Plaza De La Raza  Los Angeles, CA

Contact: [email protected]

Web: aboutpd.org/adobe-punk

Players: Karis Brizendine, vocals, guitar; Giselle Etessami vocals, bass, piano; Isaac Cruz, vocals, drums

Material: Three years ago, a playwright tandem consisting of a mother and her adult son set out to bring a theatrical production to life that combined the essence of the punk rock scene in the Bell Gardens area of Los Angeles with the storied history of “The Old Lugo House.” What started off as the brainchild of Theresa Chavez and Gabriel Garza quickly evolved into a fully developed play with music written by the director and Nina Diaz (the lead singer of Girl In A Coma). The storyline focuses on a close-knit trio of punk rockers who are living as squatters in an abandoned adobe house. They chronicle their journey by cranking out some impromptu jams on stage, like “Diddly Squat,” a rebellious post-punk anthem that practically epitomized the play’s edgy set design.

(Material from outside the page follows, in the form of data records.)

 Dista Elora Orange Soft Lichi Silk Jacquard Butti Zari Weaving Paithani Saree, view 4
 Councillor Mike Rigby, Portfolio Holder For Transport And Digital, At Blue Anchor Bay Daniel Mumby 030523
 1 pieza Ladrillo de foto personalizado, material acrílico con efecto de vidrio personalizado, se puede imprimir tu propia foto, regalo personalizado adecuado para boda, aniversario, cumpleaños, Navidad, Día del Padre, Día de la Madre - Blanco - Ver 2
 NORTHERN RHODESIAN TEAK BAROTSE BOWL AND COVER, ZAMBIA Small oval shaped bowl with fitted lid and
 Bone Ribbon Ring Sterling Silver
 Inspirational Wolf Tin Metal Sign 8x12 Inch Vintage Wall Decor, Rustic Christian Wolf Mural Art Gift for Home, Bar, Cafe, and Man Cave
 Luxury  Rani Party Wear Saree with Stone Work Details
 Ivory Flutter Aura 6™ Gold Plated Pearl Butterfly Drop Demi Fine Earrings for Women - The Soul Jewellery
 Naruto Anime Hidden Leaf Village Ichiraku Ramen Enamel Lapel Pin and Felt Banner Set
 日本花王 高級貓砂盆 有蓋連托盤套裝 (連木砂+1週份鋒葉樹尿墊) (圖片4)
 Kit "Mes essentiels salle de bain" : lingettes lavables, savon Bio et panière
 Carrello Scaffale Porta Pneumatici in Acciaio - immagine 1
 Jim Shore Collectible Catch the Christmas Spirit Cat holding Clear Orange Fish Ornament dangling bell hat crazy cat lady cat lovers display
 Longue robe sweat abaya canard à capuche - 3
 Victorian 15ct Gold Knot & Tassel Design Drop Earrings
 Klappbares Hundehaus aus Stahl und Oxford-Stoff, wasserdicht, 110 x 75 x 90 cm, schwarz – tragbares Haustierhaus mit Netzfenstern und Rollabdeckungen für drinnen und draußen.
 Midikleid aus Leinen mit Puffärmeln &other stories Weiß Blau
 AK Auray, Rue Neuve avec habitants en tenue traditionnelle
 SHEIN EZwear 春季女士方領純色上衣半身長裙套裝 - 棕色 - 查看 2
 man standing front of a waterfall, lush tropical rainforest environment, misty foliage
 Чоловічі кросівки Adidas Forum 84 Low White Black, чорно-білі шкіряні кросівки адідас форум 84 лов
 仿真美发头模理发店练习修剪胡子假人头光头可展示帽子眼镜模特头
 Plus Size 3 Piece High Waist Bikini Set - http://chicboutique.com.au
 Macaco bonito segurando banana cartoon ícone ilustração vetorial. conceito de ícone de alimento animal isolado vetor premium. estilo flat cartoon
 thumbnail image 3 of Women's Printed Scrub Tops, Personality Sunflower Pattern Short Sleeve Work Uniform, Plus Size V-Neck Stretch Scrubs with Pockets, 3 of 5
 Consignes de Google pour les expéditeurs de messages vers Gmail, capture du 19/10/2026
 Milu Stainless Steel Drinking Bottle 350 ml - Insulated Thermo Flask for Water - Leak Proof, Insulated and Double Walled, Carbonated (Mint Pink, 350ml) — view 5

Musicianship: The music from this live performance resonated in a manner similar to legendary anti-establishment acts such as The Dead Kennedys and Richard Hell. The musicians who conveyed the original compositions were a trio of actors, Karis Brizendine, Giselle Etessami and Isaac Cruz. While Brizendine is a classically trained musician, her theatrical bandmates had very little experience as live musicians prior to being cast. Therefore, they relied heavily on three months of music lessons and rehearsals leading up to opening night on March 19th and delivered satisfactory skills.

Performance: Abode Punk was presented to the live audience at Plaza De La Raza as a self-described “theatrical zine with music” and it featured four original compositions along with a melody for the finale. The real gem of the evening was the way in which the guitarist, Brizendine, and the bassist, Etessami, harmonized with one another on punk rock songs like “No Waiting.” When Etessami sang lead during this rendition, her voice resonated like Ann Wilson from Heart.

Summary: Overall, the musician-actors captured the essence of punk with impressive musicality and subtle nuances such as feedback and distortion from the amps. At one point, the trio settled on “Bell System” as their band name, a way to honor their hometown of Bell Gardens. The group’s rendition of “Bell Underground Gardens” embodies that notion well.